If the data for a row is scattered across several columns, how do you find the data for the row? Then you need to find several B + trees, which is less efficient. So try to make each insert row of the column family is sparse, only one column family has a value, the other column family has no value,


One, the difference in behavior caused by different indexes
HBase can only establish a primary key index, and the subsequent data query can only be based on the index for a simple key-value query;
However, Oracle can create arbitrary indexes, and can query data by any column.

Two, hbase is suitable for a large number of insertions and read the case, read the general Key-value query
Big data, high concurrency, HBase's appetite

Three, the bottleneck of hbase is hard drive transmission speed, Oracle bottleneck is hard drive seek time
HBase is a large number of hard disk to write data (no delete, update, are insert), even reading data, is also a priority memstore, so the speed of hard disk transmission becomes its bottleneck;
Oracle has random access characteristics (SELECT, update, etc.), so the hard drive seek time becomes its bottleneck, and the seek time is mainly determined by the rotational speed.

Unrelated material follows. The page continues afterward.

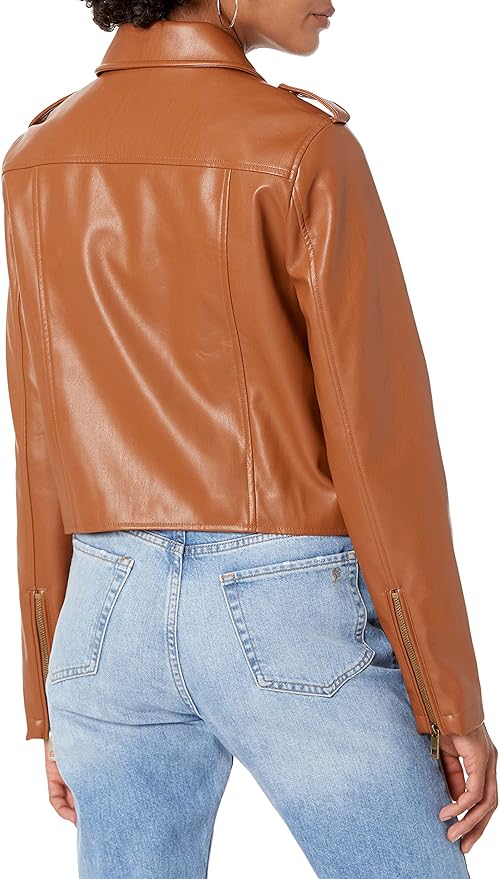 The Drop Women's Heather Faux Leather Moto Jacket back side from Amazon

Four, HBase is good for finding scenes that sort top N by time
Because HBase data has a timestamp (HBase has a timestamp by default)

Row-Type storage:

Row-Type storage:
Data stored in data files
Basic unit of data file: Block/page (one row after row exists in block, of course block does not fill, reserved space for the operation of the row, such as: Update)
Block structure: size, data area
To select the red-orange column, the row database adds the entire block to the memory and then filters out the required columns.
In the case of HBase, because of data storage characteristics, the data is stored in a family of columns, and a file block stores data from the same column family.
In this way, queries are much more optimized than row-type databases.

In addition, because in HBase, the data format of the same column is close, or similar in length, so that the data can be greatly compressed,
As a result, it saves hard disk space and also reduces IO

Comparison of HBase and Oracle

Related Article

Contact Us

The content source of this page is from Internet, which doesn't represent Alibaba Cloud's opinion; products and services mentioned on that page don't have any relationship with Alibaba Cloud. If the content of the page makes you feel confusing, please write us an email, we will handle the problem within 5 days after receiving your email.

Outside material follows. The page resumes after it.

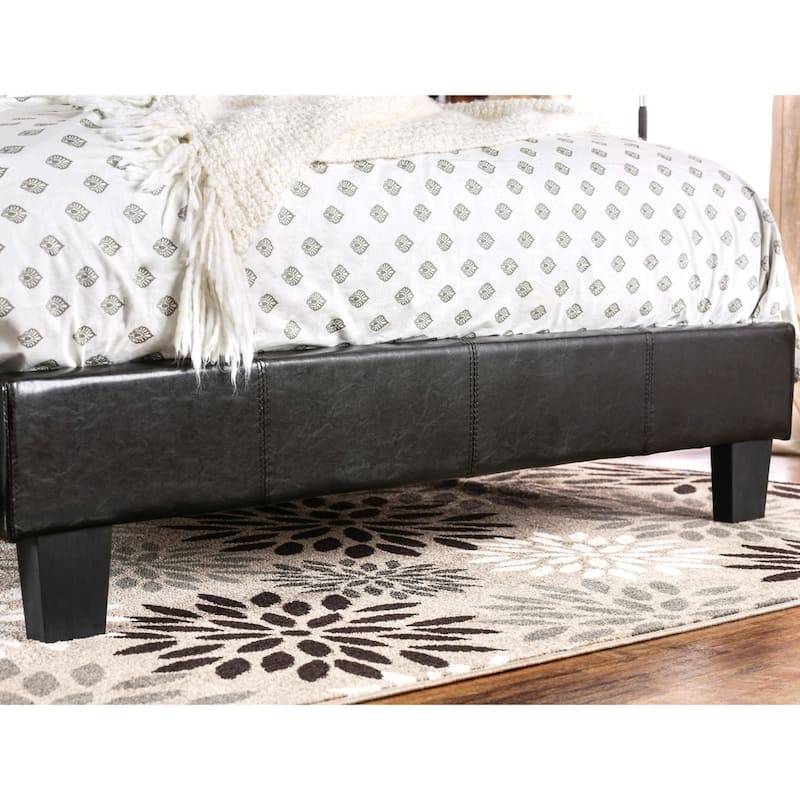 Lala Modern Queen Wood Faux Leather Upholstered Platform Bed by Furniture of America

If you find any instances of plagiarism from the community, please send an email to: info-contact@alibabacloud.com and provide relevant evidence. A staff member will contact you within 5 working days.

A Free Trial That Lets You Build Big!

Start building with 50+ products and up to 12 months usage for Elastic Compute Service

  • Sales Support

    1 on 1 presale consultation

  • After-Sales Support

    24/7 Technical Support 6 Free Tickets per Quarter Faster Response

  • Alibaba Cloud offers highly flexible support services tailored to meet your exact needs.